[Data records]

▶

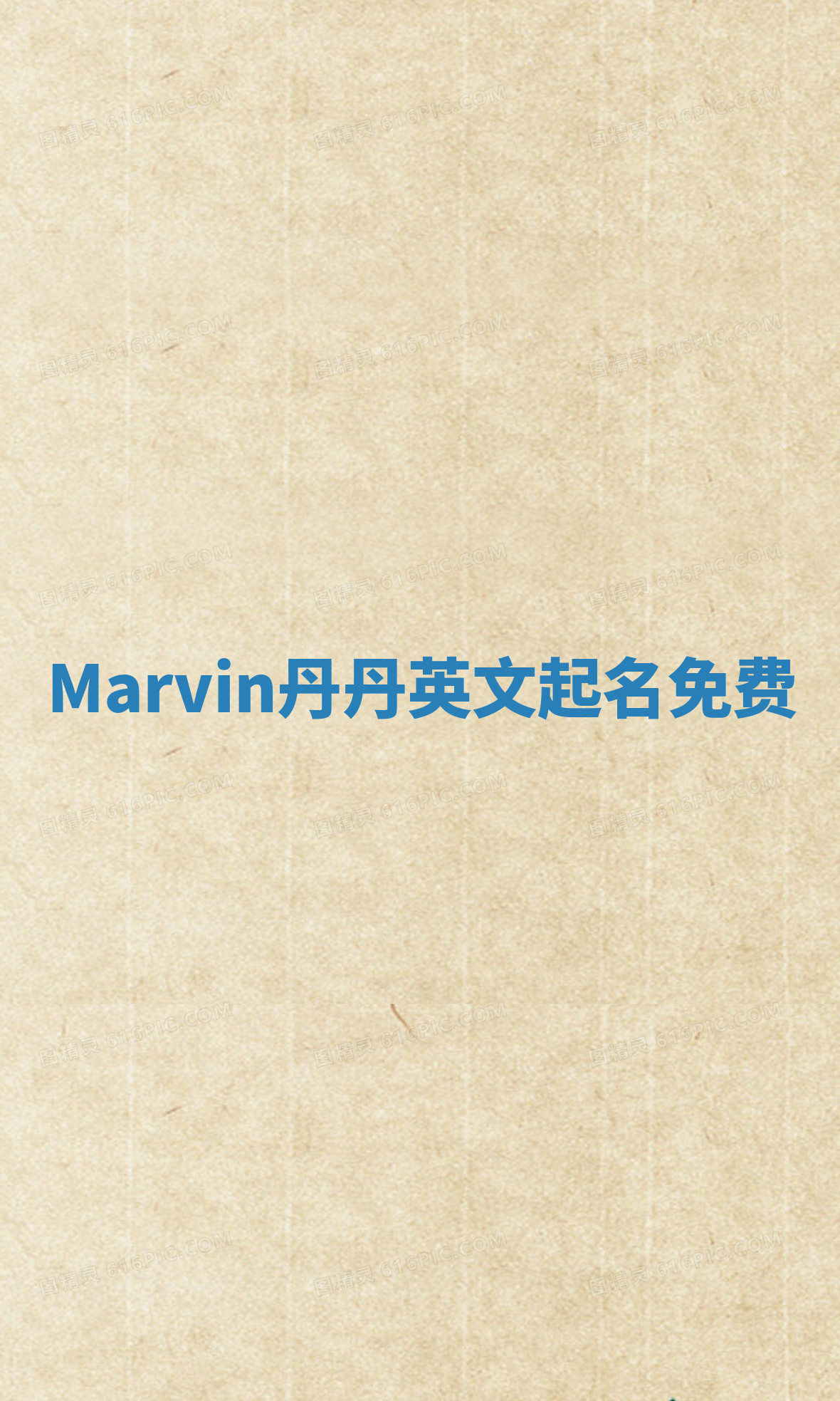 Marvin丹丹英文起名免费 Marvin丹丹英文起名免费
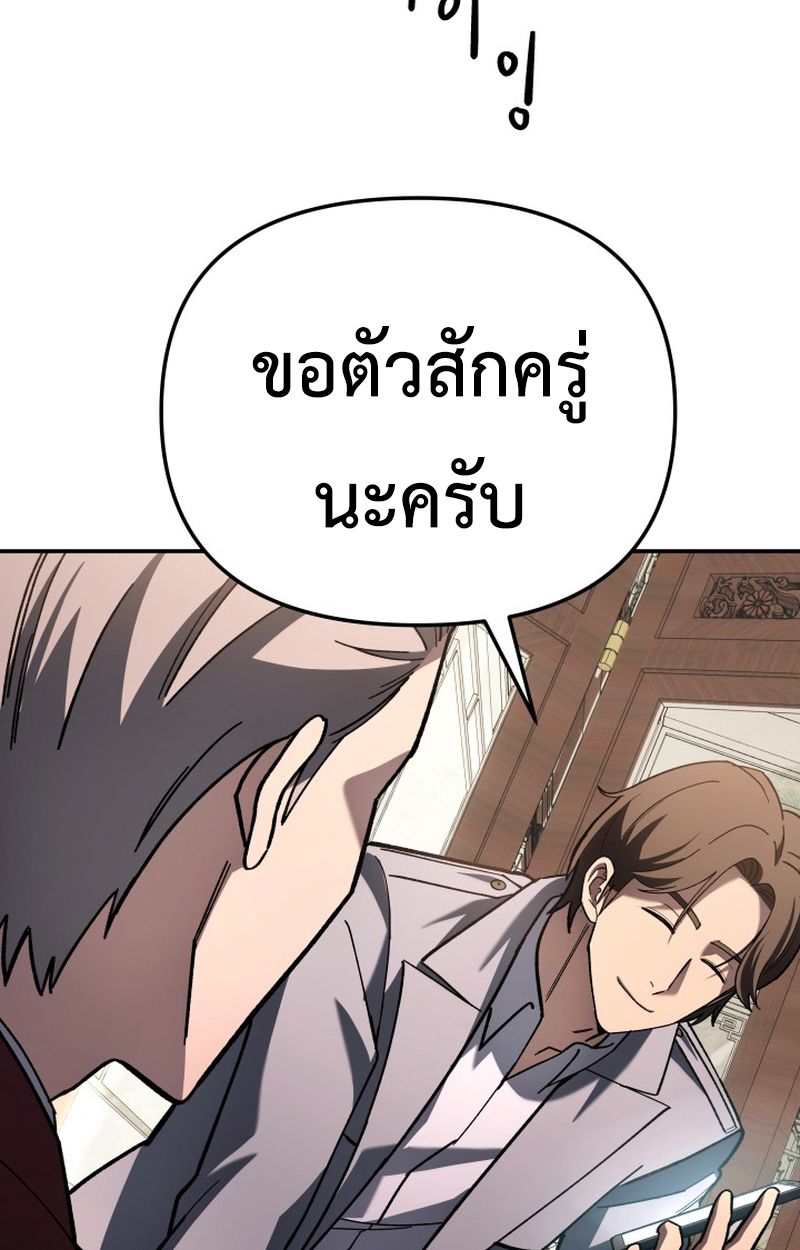 Heavenly Demon Goes to High School ตอนที่ 21 87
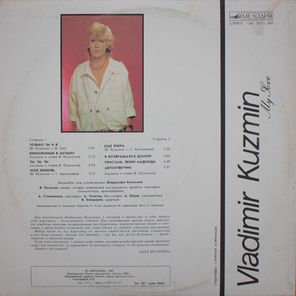 Владимир Кузьмин / Моя Любовь (LP)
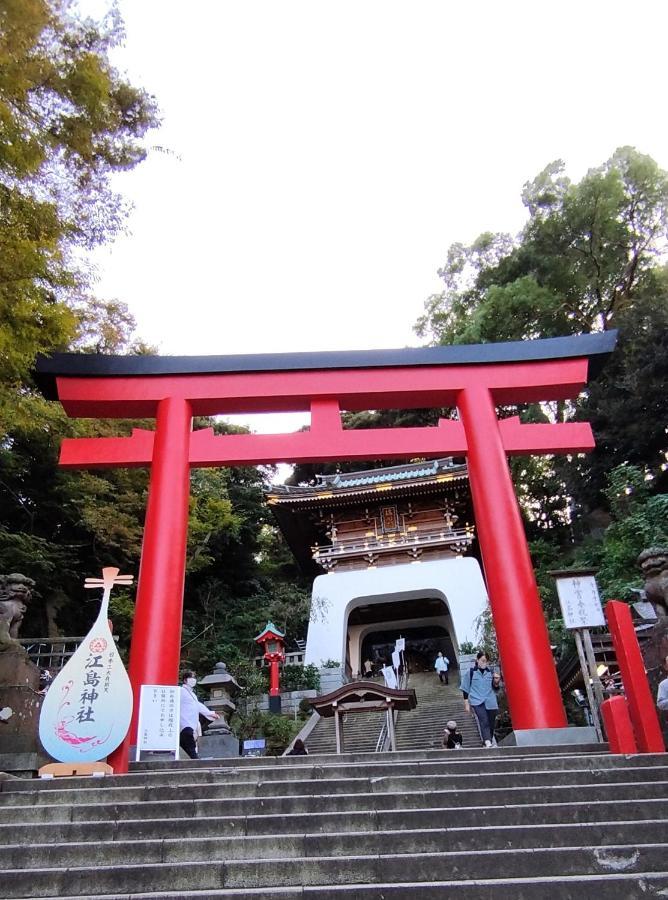 江の島の頂上から海を眺める一棟ヴィラ 一組限定貸切 The Enoshima Villa Ao Fujisawa Extérieur photo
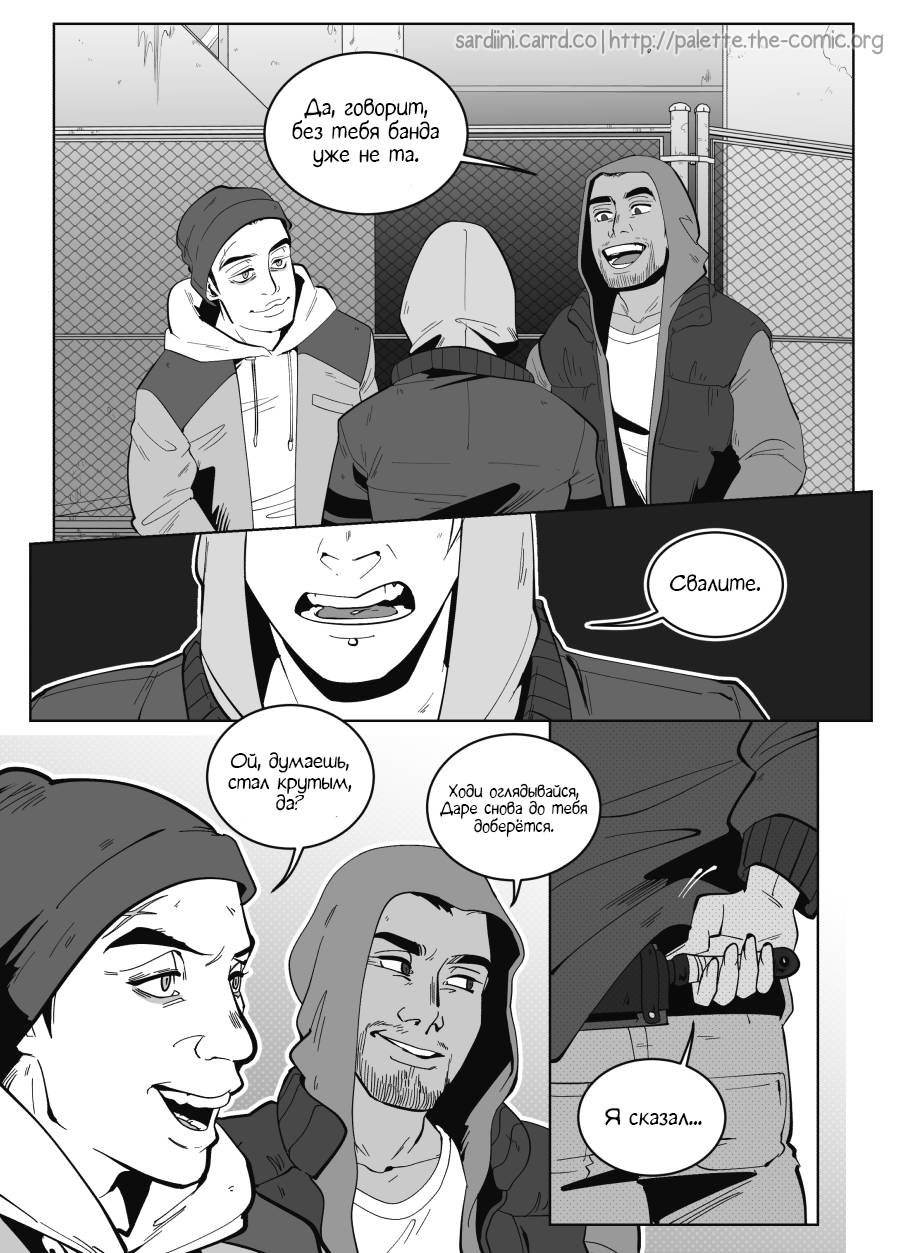 Манга Палитра - Глава 4 Страница 16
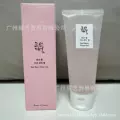 Korean red bean facial cleanser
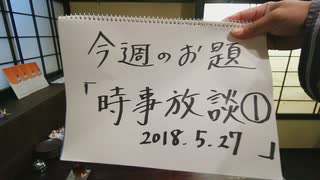 Dr.細川の医療四方山話『時事放談2018.5.27』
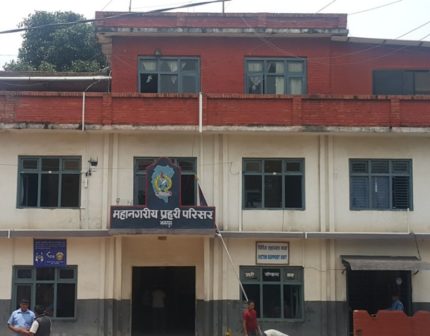 221 children abscond from Bhaktapur ‘correctional home’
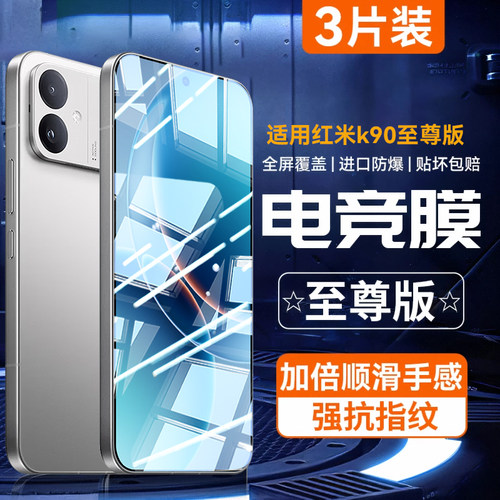 Newyu适用红米k90至尊电竞钢化膜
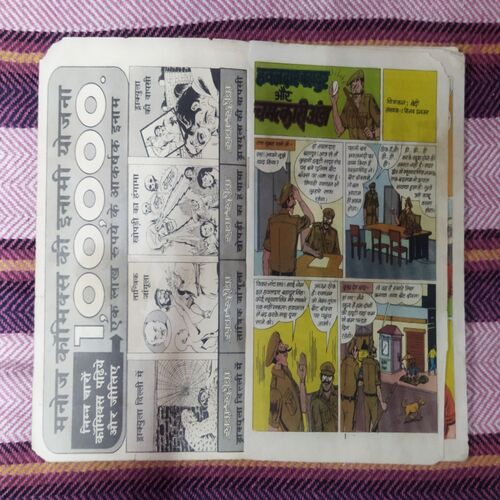 HAVALDAR BAHADUR AUR CHAMTKAAREE ANDA (TOTAL PAGE NO-32)
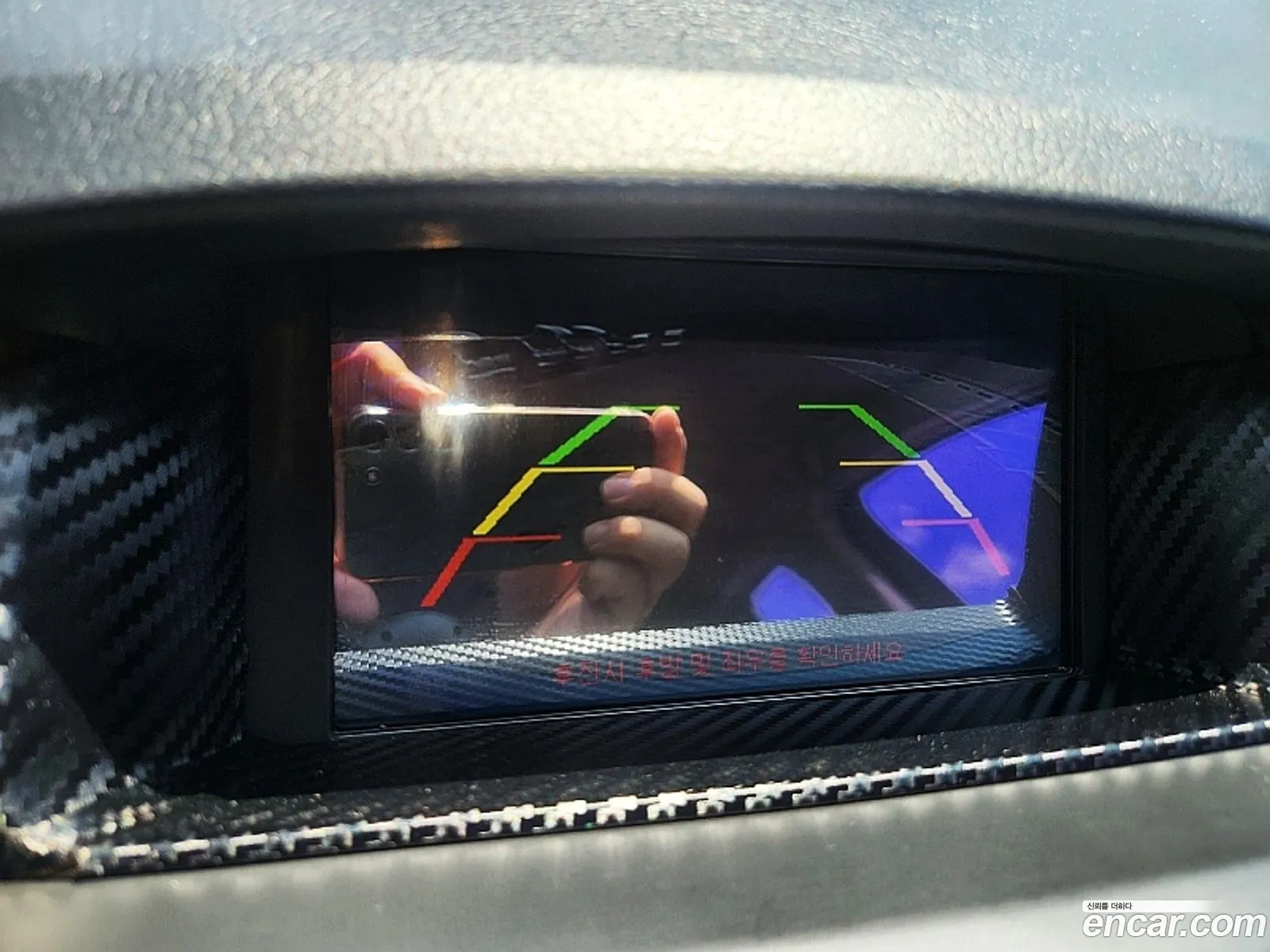 Korex Auto Trade - фотография 2071242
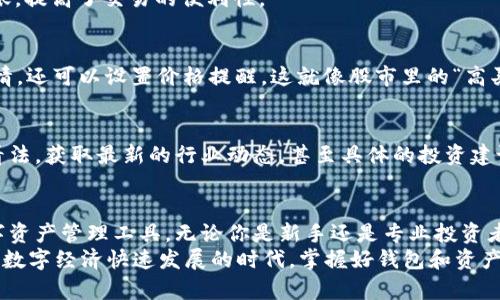 imToken钱包支持多少种数字货币？全面解析与使用指南
imToken钱包, 数字货币, 钱包类型, 加密资产/guanjianci

引言
在数字货币日益普及的今天，选择一个合适的数字钱包变得尤为重要。作为一款知名的数字资产管理工具，imToken钱包因其易用性和丰富的功能受到众多用户的青睐。本文将深入探讨imToken钱包支持的数字货币种类，以及如何有效地使用这一工具来管理你的加密资产。

imToken钱包简介
imToken成立于2016年，是一个专为移动设备设计的数字资产钱包。它主要支持以太坊及其代币，同时也涵盖了包括比特币在内的多种其他数字货币。imToken凭借其简洁的界面和安全性，迅速在用户中建立了良好的口碑。
就像中国俗话说的，“只要功夫深，铁杵磨成针”，imToken团队也在不断学习和进步，旨在为用户提供更优质的服务。随着加密市场的变化，imToken也在不断更新，增加对新兴货币的支持。

imToken钱包支持的数字货币种类
截至当前，imToken钱包已支持多种主流和非主流数字货币。在这其中，最受欢迎的包括：
ul
  li以太坊（ETH）及其ERC20代币/li
  li比特币（BTC）/li
  li比特币现金（BCH）/li
  li莱特币（LTC）/li
  liUSDT（泰达币）/li
  liRipple（XRP）/li
  liChainlink（LINK）/li
  li币安币（BNB）/li
/ul
这份列表不断更新，新的加密货币和代币例如Polygon（MATIC）和Cardano（ADA）等也在逐步纳入支持范围。这样一来，用户在一个平台上就能够管理多种不同的数字资产，省去了在不同钱包之间切换的麻烦。

imToken的独特之处
除了支持多种数字货币外，imToken还具有不少独特功能，使其在众多数字钱包中脱颖而出：
ul
  listrong安全性：/strongimToken使用了多种加密措施，确保用户的资产安全。正如中国有句话，“有备无患”，它给予用户足够的安全保障，让人放心使用。/li
  listrong去中心化：/strong用户的私钥保存在本地，减少了被中心化服务器攻击的风险。/li
  listrong易使用的界面：/strongimToken钱包提供了的用户界面，即使是新手也能快速上手。/li
  listrong社区支持与学习资源：/strongimToken在社区层面非常活跃，用户可以通过社区获取支持和交流经验。/li
/ul

如何使用imToken钱包管理数字资产
使用imToken钱包，用户可以轻松地发送和接收数字货币，进行投资操作。以下是一些基础的操作指南：
h4创建钱包/h4
下载并安装imToken应用后，按照指引创建新钱包。务必妥善保存助记词，因为它是你恢复钱包的唯一凭证。“一日之计在于晨”，尽早了解和设置好你的钱包是必要的。

h4添加数字货币/h4
登录钱包后，可以在“资产”页面中看到“添加资产”按钮。选择你想要添加的数字货币并确认，便可轻松管理你的资产组合。

h4进行交易/h4
要进行交易，选择“发送”或“接收”，输入相关信息并确认。imToken支持通过扫描二维码或手动输入地址来完成转账，提高了交易的便利性。

掌握市场动态和投资策略
在加密货币市场，信息的及时性和准确性至关重要。通过imToken的“市场”功能，用户可以实时查看不同币种的行情，还可以设置价格提醒。这就像股市里的“高买低卖”，保持对价格波动的敏感度，对投资策略的制定至关重要。

社区与资源
imToken同样非常注重用户之间的交流，提供了丰富的论坛和社区支持资源。用户可以在这里分享自己对市场的看法，获取最新的行业动态，甚至具体的投资建议。正如古话所说，“有朋自远方来，不亦乐乎”，互动交流能够为我们拓宽视野，增加见识。

总结
imToken钱包以其对多种数字货币的支持、突出的安全性及用户友好的界面，成为全球范围内受到广泛欢迎的数字资产管理工具。无论你是新手还是专业投资者，都能在其丰富的功能和社区支持中找到适合自己的使用方法。
通过本文的介绍，希望你对imToken钱包有了更深入的了解，让你在管理数字资产的过程中游刃有余。毕竟，在这个数字经济快速发展的时代，掌握好钱包和资产管理的技能，将会为你的财务安全提供更好的保障。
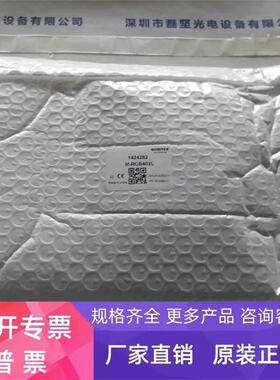 MORITEX 茉丽特 M-RCB402L 四芯2m延长接线 议价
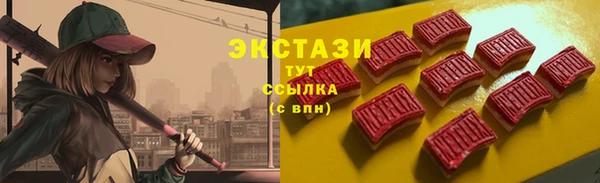 гидропоника Арсеньев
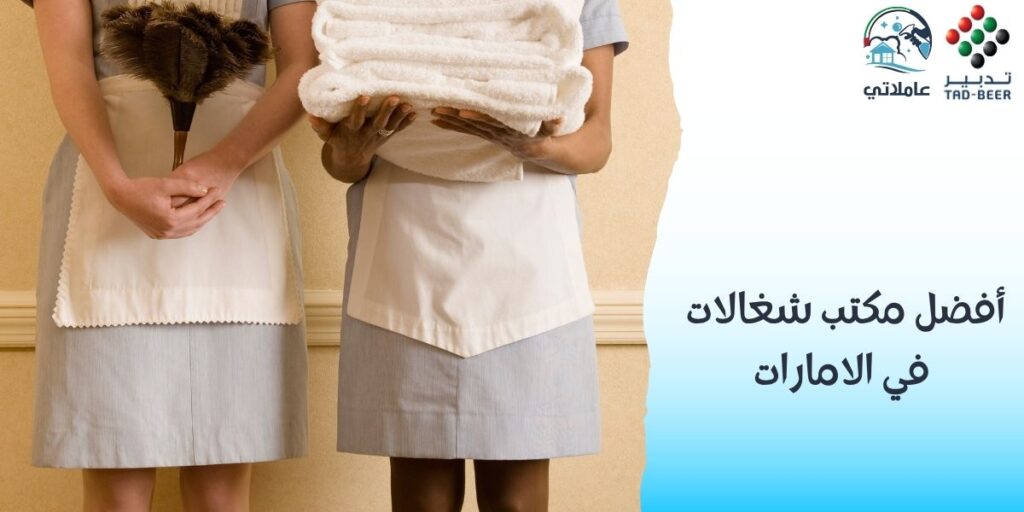 أفضل مكتب شغالات في الامارات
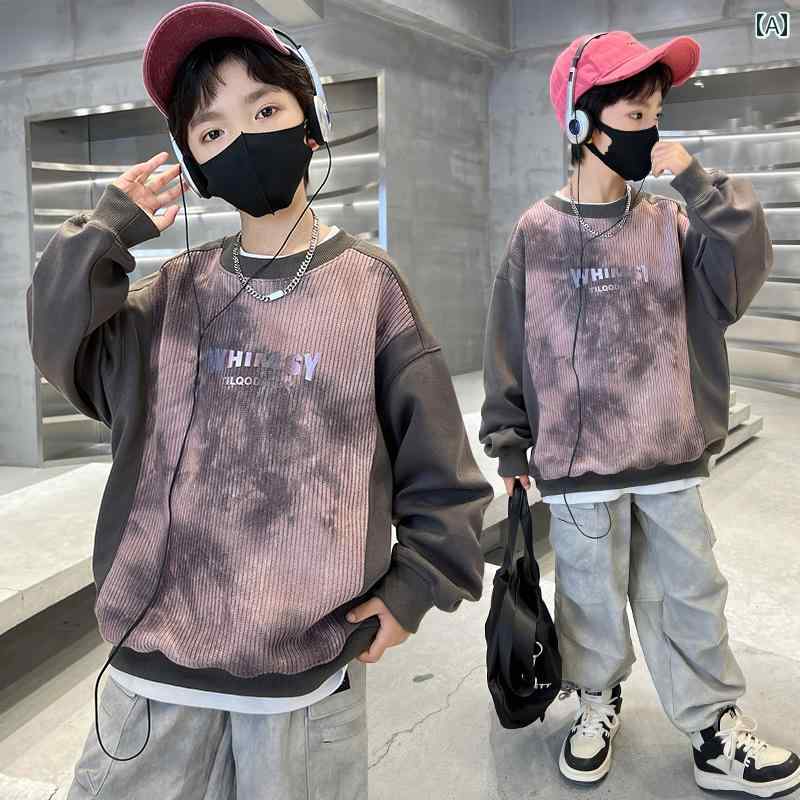 男の子 トップス カジュアル おしゃれ 長袖 スウェットシャツ 春秋 ボトム シャツ 秋 トップス スクール 秋服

◀

→ **ASSIGNMENT**
All lines from the beginning of the entries above to the line containing "li以太坊（ETH）及其ERC20代币/li", inclusive, should be printed exactly, apart from the pictures.

→ **COMPLETED EXERCISE**
 Marvin丹丹英文起名免费 Marvin丹丹英文起名免费
 Heavenly Demon Goes to High School ตอนที่ 21 87
 Владимир Кузьмин / Моя Любовь (LP)
 江の島の頂上から海を眺める一棟ヴィラ 一組限定貸切 The Enoshima Villa Ao Fujisawa Extérieur photo
 Манга Палитра - Глава 4 Страница 16
 Korean red bean facial cleanser
 Dr.細川の医療四方山話『時事放談2018.5.27』
 221 children abscond from Bhaktapur ‘correctional home’
 Newyu适用红米k90至尊电竞钢化膜
 HAVALDAR BAHADUR AUR CHAMTKAAREE ANDA (TOTAL PAGE NO-32)
 Korex Auto Trade - фотография 2071242
 imToken钱包支持多少种数字货币？全面解析与使用指南
imToken钱包, 数字货币, 钱包类型, 加密资产/guanjianci

引言
在数字货币日益普及的今天，选择一个合适的数字钱包变得尤为重要。作为一款知名的数字资产管理工具，imToken钱包因其易用性和丰富的功能受到众多用户的青睐。本文将深入探讨imToken钱包支持的数字货币种类，以及如何有效地使用这一工具来管理你的加密资产。

imToken钱包简介
imToken成立于2016年，是一个专为移动设备设计的数字资产钱包。它主要支持以太坊及其代币，同时也涵盖了包括比特币在内的多种其他数字货币。imToken凭借其简洁的界面和安全性，迅速在用户中建立了良好的口碑。
就像中国俗话说的，“只要功夫深，铁杵磨成针”，imToken团队也在不断学习和进步，旨在为用户提供更优质的服务。随着加密市场的变化，imToken也在不断更新，增加对新兴货币的支持。

imToken钱包支持的数字货币种类
截至当前，imToken钱包已支持多种主流和非主流数字货币。在这其中，最受欢迎的包括：
ul
  li以太坊（ETH）及其ERC20代币/li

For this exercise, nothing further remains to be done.